In January the automaker unveiled a personal air vehicle (PAV) concept at the Consumer Electronics Show (CES) in Las Vegas. Called S-A1, the 'flying taxi' is driven by multiple electrically driven rotors, giving it a range of 60 miles (100km) and a cruising speed of up to 180 mph at an altitude of up to 600 metres.

The four partners signed a memorandum of understanding (MoU) earlier this month with the aim of launching a commercial flying taxi service by 2028. 

In June the South Korean government announced a national 'UAM Roadmap' outlining the steps needed to commercialise UAM vehicles in the country.

Hyundai Motor said it would align its UAM programme with the roadmap and would also join the Korean UAM Grand Challenge, the public private joint demonstration project that provides the basis for jointly studying the construction and operation of 'vertiports', or airports for UAM vehicles.

Hyundai would push forward with the development of the overall UAM vehicle business while IIAC would look to establish the required infrastructure and would study the feasibility of utilising UAMs vehicles as airport shuttles, Hyundai Construction would be responsible for building the vertiports and transit hubs and KT would install the communication infrastructure.

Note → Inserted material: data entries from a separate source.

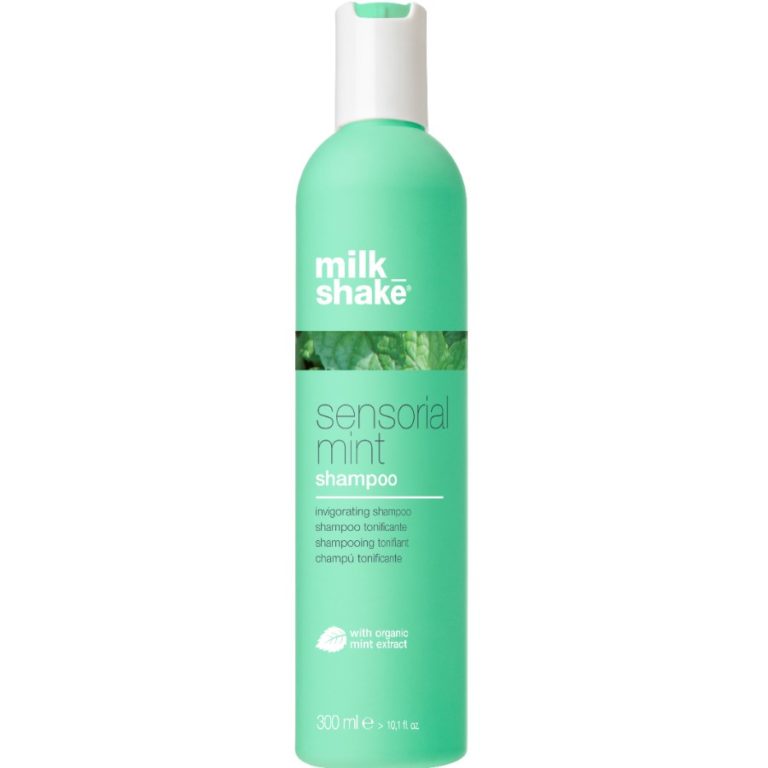 milk_shake Sensorial Mint Shampoo - Silhouette Spa and Laser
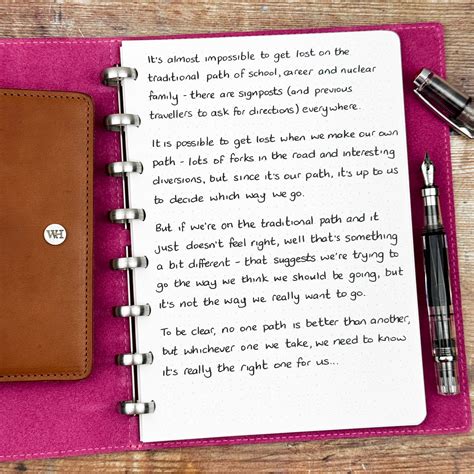 The Path We Take... - William Hannah Limited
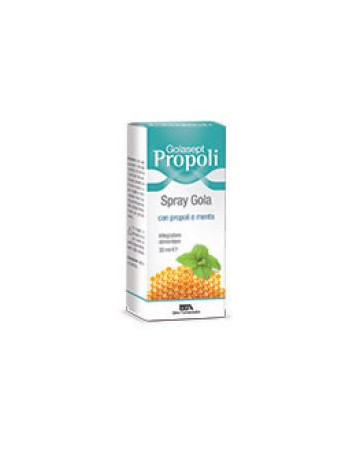 Golasept spray gola adult 30ml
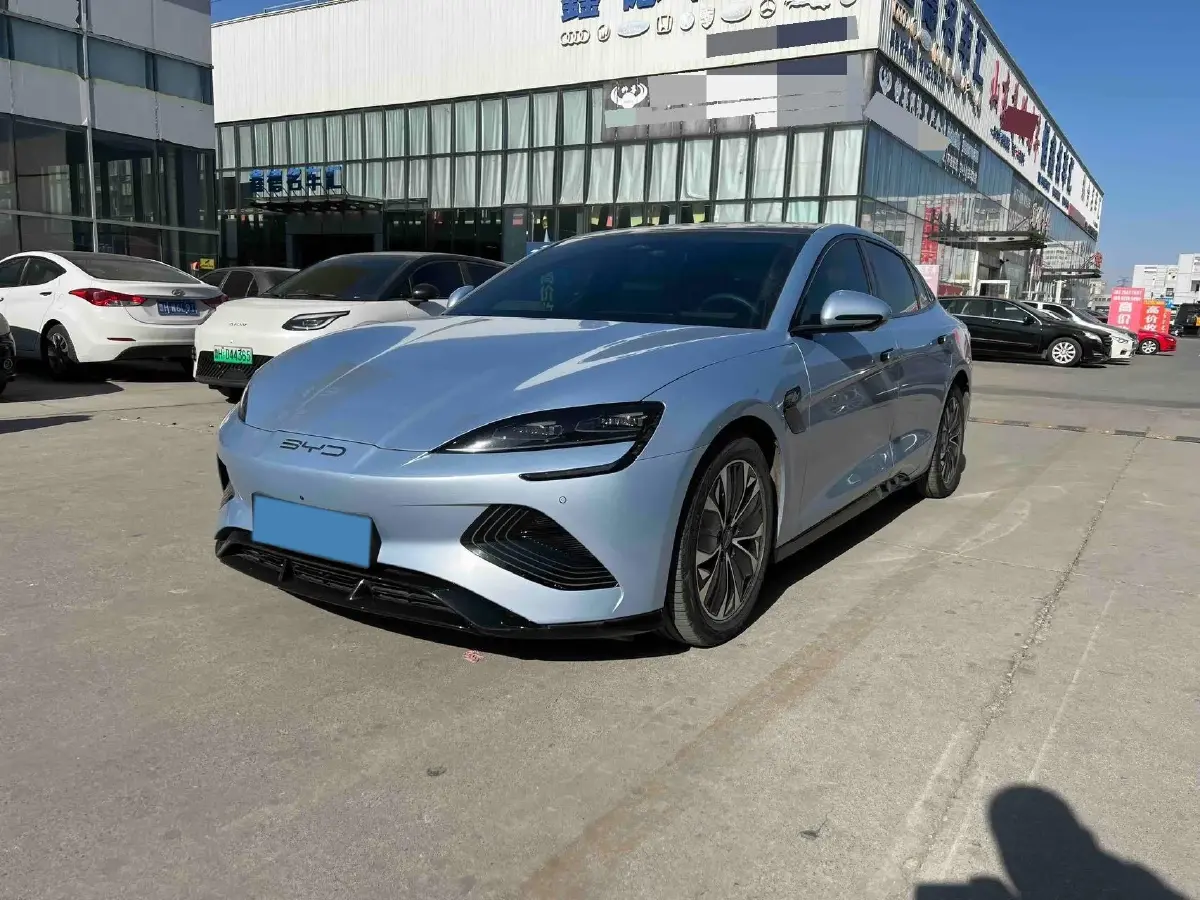 2024 BYD Seal BEV 61.4KWH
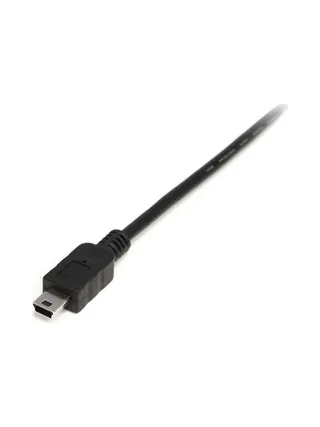 0.5m Mini USB 2.0 Cable - A to Mini B 3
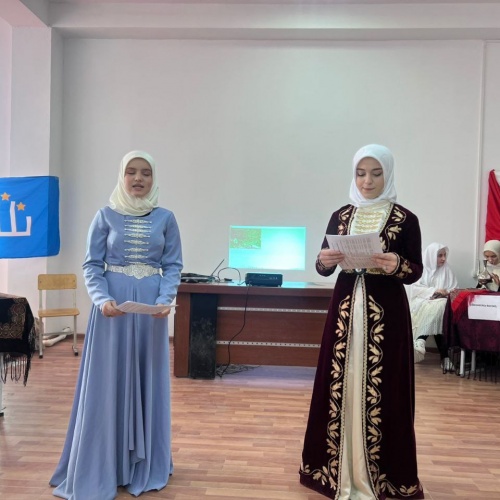 ДВЕ КУЛЬТУРЫ-ОДИН КАВКАЗ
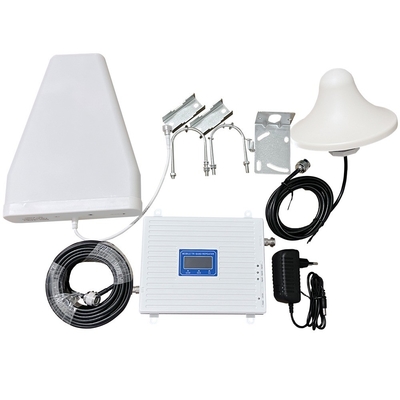 ซื้อ 2 3 4G 900 1800 2100MHz Tri Band Signal Booster สําหรับเครือข่ายโทรศัพท์มือถือที่คุ้มค่า online manufacture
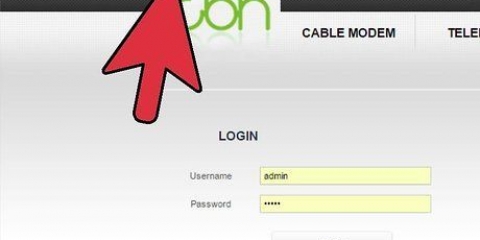 Configuration d'un routeur pour utiliser dhcp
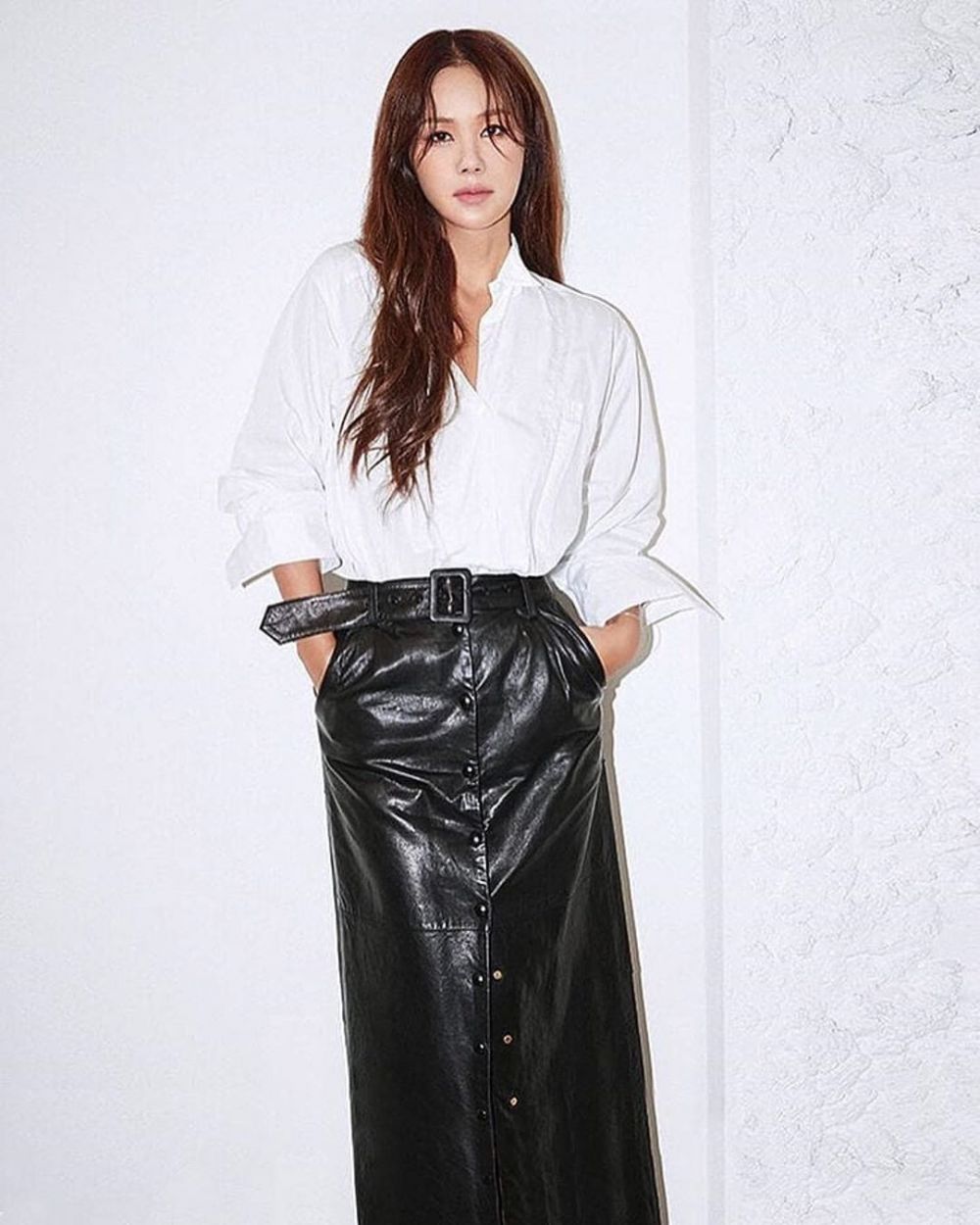 6 Pesona aktris Korea berusia 50 tahun, masih terlihat ABG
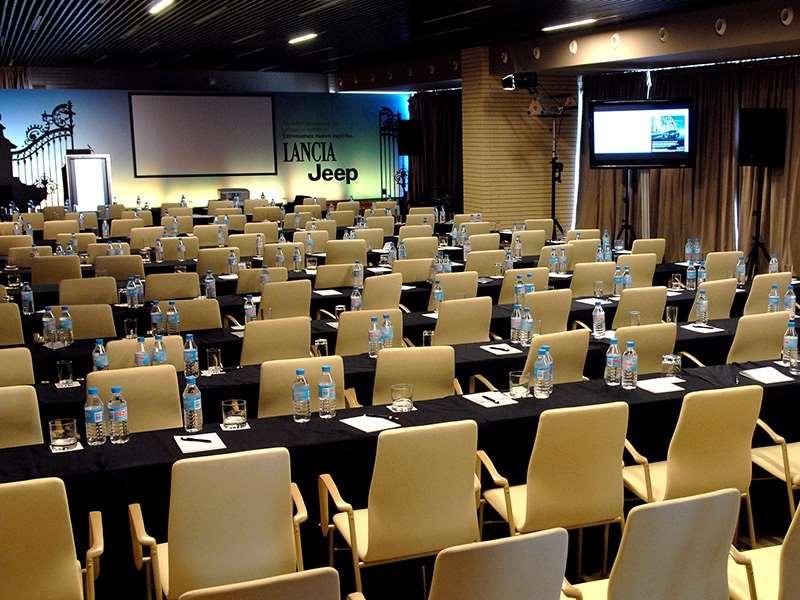 Sercotel El Encin Golf Alcala de Henares Kemudahan gambar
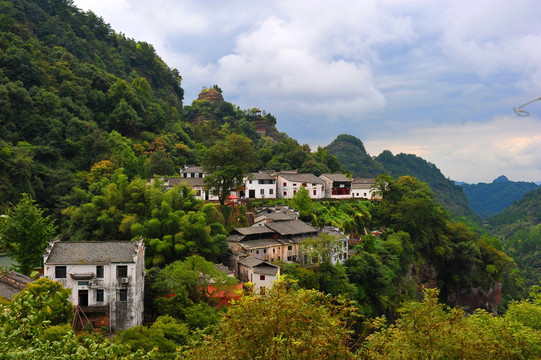 齊云山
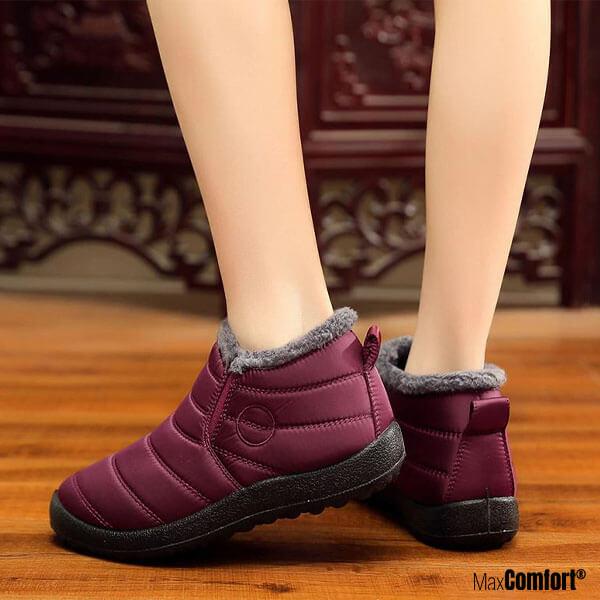 Max Universal Warm Shoes - Elena Harper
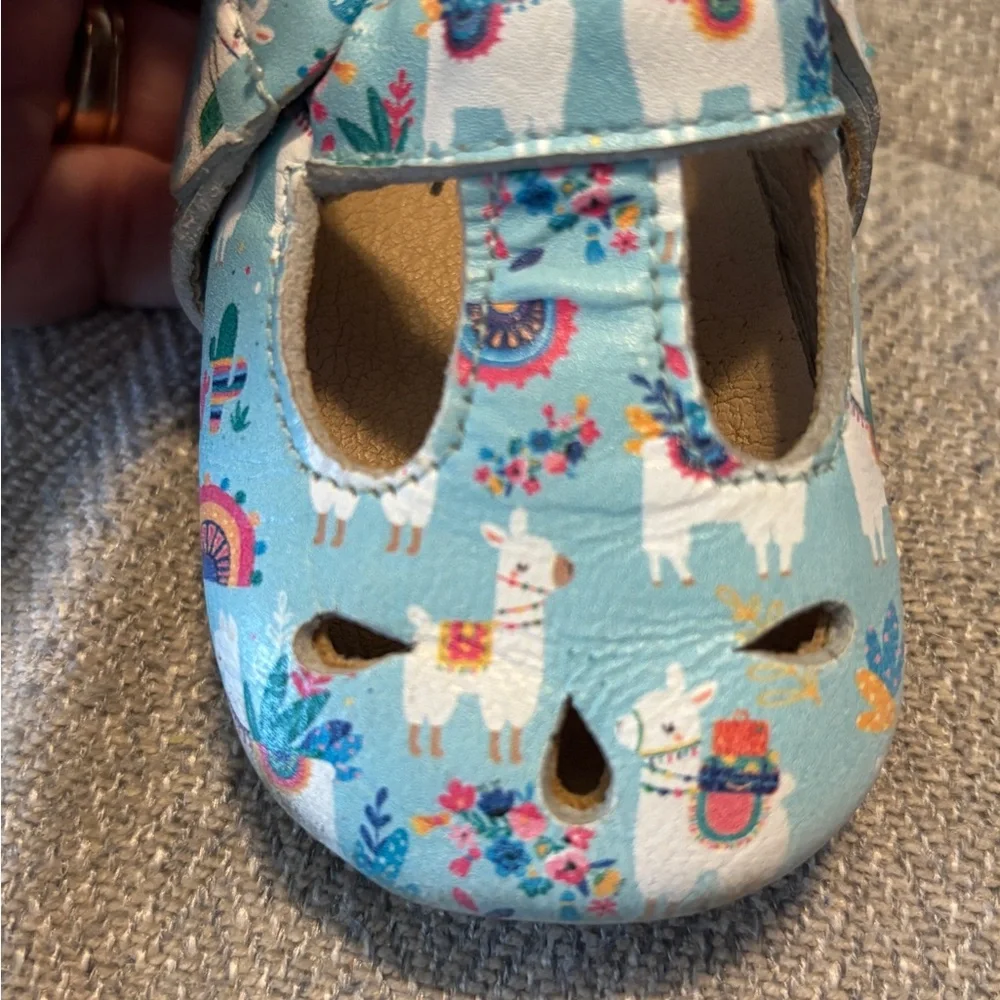 Monkey Feet Shoes Baby 3-6 months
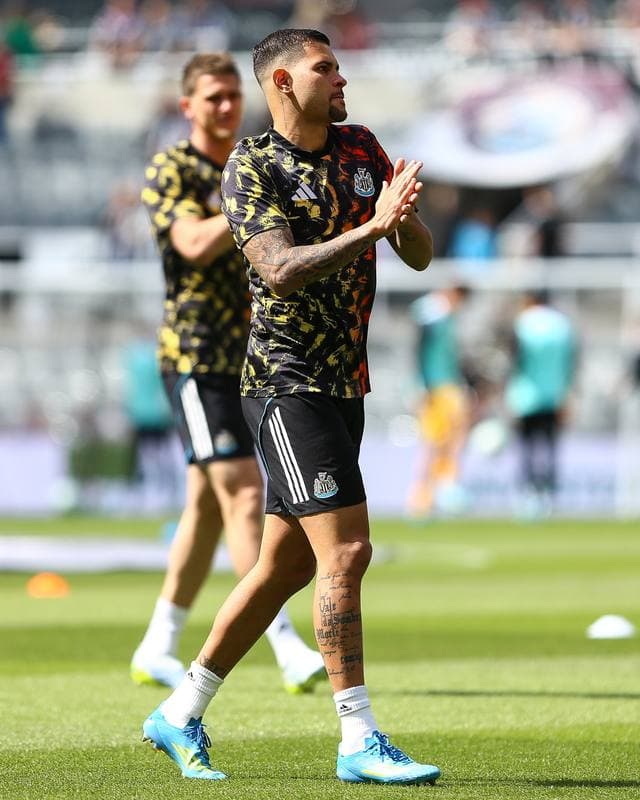 Football. Premier League. Newcastle United - Brighton & Hove Albion. 02.05.2026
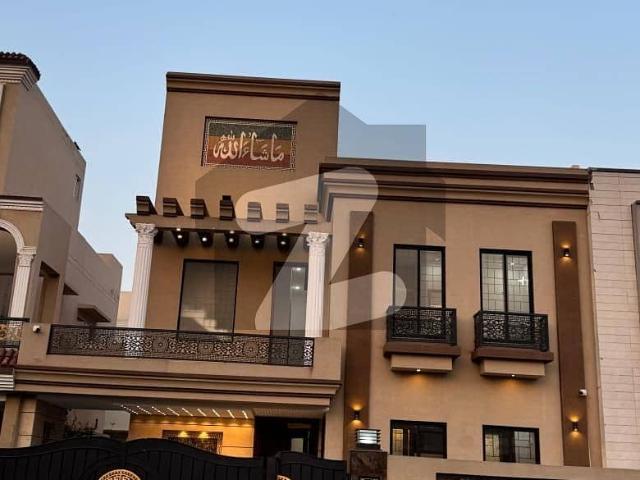 Brand new house 10 marla available for sale phase one bahria orchard lahore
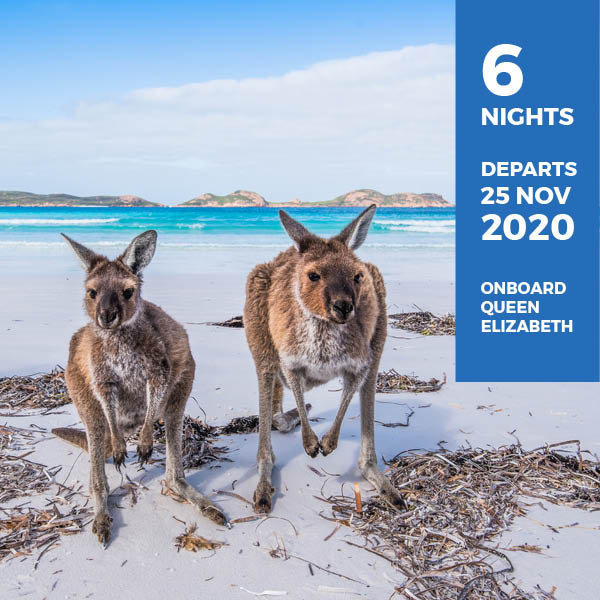 ADELAIDE, KANGAROO ISLAND, BURNIE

Jaiwon Shin, executive vice president and head of Urban Air Mobility Division at Hyundai Motor, said: "The breadth and depth of this partnership shows what it will take to build a comprehensive UAM ecosystem to serve megacities like Seoul. Building a robust infrastructure and business model is just as important as developing innovative UAM vehicles. This partnership demonstrates Hyundai's commitment to facilitating progress for humanity by ushering in a new era of urban air mobility that will revolutioniSe transportation."